In modern medicine, the frequency of side effects of drug substances makes alternatives necessary, one of them being light therapy. The use of light in treatment is becoming popular by the day and comes in many forms, one of them being cold lasers. The term cold in the name is because the lasers used for the procedure are low light variants, and therefore do not heat the body cells. Other forms of lasers, such as those used for surgical procedures, often heat the body and cause patient discomfort.
Name and Sources
This therapeutic technique goes by many names, but Low-Level Light Therapy (LLLT) is the most common. LLLT can use coherent light sources such as lasers or non-coherent sources such as light-emitting diodes (LEDs). Both citations have been shown to have significant bio-modulator activity, which utilizes either photons or cold irradiation.
How it Works
During the treatment procedure, light with a relatively long wavelength is pointed to the part of the body you want to treat. Light with a longer wavelength is used because it has a lower intensity than light with a short wavelength, such as red and violet.
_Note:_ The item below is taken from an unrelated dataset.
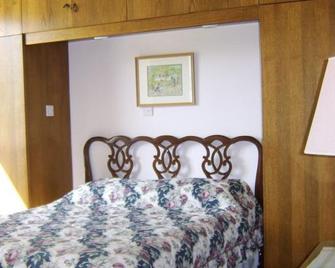 An Dooneen - Ballydavid - Bedroom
The body then absorbs the energy from the beam and initiates a biological cascade of reactions that revives cells. The procedure is not invasive, has no heat, and is painless, hence the term cold therapy.
What Can LLLT Treat?
- Pain Relief
Low light treatment has one of its primary pain relief applications due to its cell stimulation and enhancement capabilities. If you have an injury or sprain that results from a medical condition or procedure, this therapy is advantageous because it accelerates healing and overall recovery. Low-level light therapy can also help treat the musculoskeletal system’s disorders such as fibromyalgia or compression of various nerves.
- Hair Loss
Another application of LLLT is in the treatment and reversal of hair loss. The therapy essentially restores the normal cycle of hair growth, which results in thicker hair as hair loss no longer occurs. By increasing blood flow in the scalp, LLLT ensures that hair stays longer in the growing phase of hair growth. With a revamping of the cellular and hair follicle function, alopecia ceases to be a problem for you with this therapy.
LLLT on the teeth reduces the dentin’s hypersensitivity by reducing the transduction of pain when the apex and cervix of the tooth are irradiated. Additionally, LLLT accelerates the healing of wounds and inflammation in the mouth. The activity of low light lasers on the teeth has been shown to have a nerve regeneration effect and analgesic effects and can therefore be used in surgical procedures.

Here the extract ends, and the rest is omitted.